BNP Paribas is aiming to boost its share of trading in US stocks – and support its derivatives business – by partnering with GTS, the largest market-maker on the New York Stock Exchange.
The partnership is modelled on an existing tie-up between the two firms in the US Treasury market, which has seen the French bank’s market share leap from 1.5% to 4% in less than a year.
In the equities deal, GTS will stream prices in stocks and exchange-traded funds to BNP Paribas, which can use those prices when filling client orders. BNP Paribas will also use the GTS stream when delta-hedging its equity derivatives business.
“Our belief is that by enhancing the underlying liquidity it will benefit all our product offerings – structured products, options, delta one, and the underlying offer as well. This will enhance our competitiveness, consistency, and of course will help us increase growth in the US,” says Adil El Batji, head of e-trading, e-commerce and digital for the Americas at BNP Paribas in New York.
The firms will sign a memorandum of understanding today (November 15), but trading is not expected to start until next year and no growth target has yet been set, says El Batji.
BNP Paribas and GTS decline to comment on how the deal is structured from a commercial perspective, but say the US Treasury partnership has been profitable.
“The partnership is working as planned commercially, and the teams collaborating on this at GTS and BNP Paribas are enjoying the experience, which is important – we’re doing something that has never been done before,” says Ari Rubenstein, co-founder and chief executive of GTS in New York.
The partnership is the latest evidence of converging business models among bank market-makers and principal trading firms (PTFs). Facing intense cost and return pressures, banks are trying to run their flow trading businesses in a more efficient way, aping the technology and data-driven approach that has always characterised the PTF sector.
Meanwhile, many PTFs are getting into the business of providing liquidity directly to clients – the traditional bank market-making model – arguing they can provide better prices to a consumer of liquidity than to participants in an anonymous central limit order book, many of which will be rival PTFs.
In a number of cases, banks and non-banks have tried to capitalise on the emerging strategic synergy. In 2014, Credit Suisse and Tower Research Capital launched a joint venture to trade US Treasuries, while JP Morgan and Virtu Financial agreed to work together in the same market in 2016. Other partnerships – and different models – are also said to exist, but have not been announced publicly.

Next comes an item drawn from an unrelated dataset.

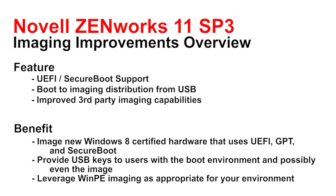We provide the USB key capability so that you can now boot into the environment, give the user the stick, and now they can recover themselves when they're on the road. And you can leverage the Windows PE imaging and capabilities as appropriate for your environment. Let's take a look at this.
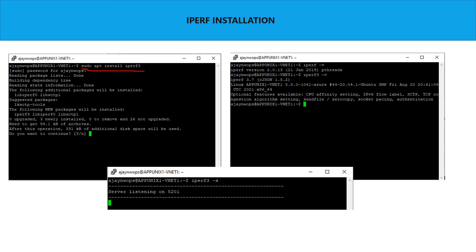Once the installation starts it will ask whether you want to continue — press yes. Once installed, running iperf -v shows version 2.0, which is my old version. I have both IPerf2 and IPerf3 installed. Running iperf3 -v confirms it is IPerf 3.7. You need to do this installation on all hosts — I have already done it for vm1, vm2, and vm3. Now I need to keep one machine in server mode, so I run iperf3 -s. This machine is now ready to listen for traffic on port 5201.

If we enhance liquidity in the hedging market, then we can improve swaps pricing as wellAdil El Batji, BNP Paribas
Part of the premise for these tie-ups is the argument that PTFs can often quote tighter prices than their bank counterparts, and the growing US Treasury market share at BNP Paribas seems to bear this out.

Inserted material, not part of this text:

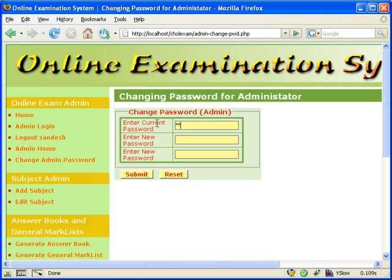First up is how to change the administrator password. Simply click on the link and from the page that is displayed, enter the existing password and the new password twice and submit. The password will be changed and then we have to login again.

The French bank says its ability to access better prices in bonds has had knock-on benefits for clients trading derivatives products.
“They either benefit directly, because they are trading US Treasuries, or indirectly because the hedging instrument for swaps will often be US Treasuries. If we enhance liquidity in the hedging market, then we can improve swaps pricing as well,” says El Batji.
The challenge will now be to replicate that success in equities.
GTS makes markets in 165 members of the S&P 500 index, and has 35% of all trading in NYSE stocks. Rubenstein, though, highlights a different metric when explaining the thinking behind the partnership.
“One way of measuring whether we’re delivering on our mission is to look at the quality of the liquidity we’re providing. On NYSE, GTS is the number one market-maker in terms of price improvement – the percentage of liquidity that is beating the national best bid or offer in that security. We have pretty stiff competition in that market, so we’re very proud of that,” he says.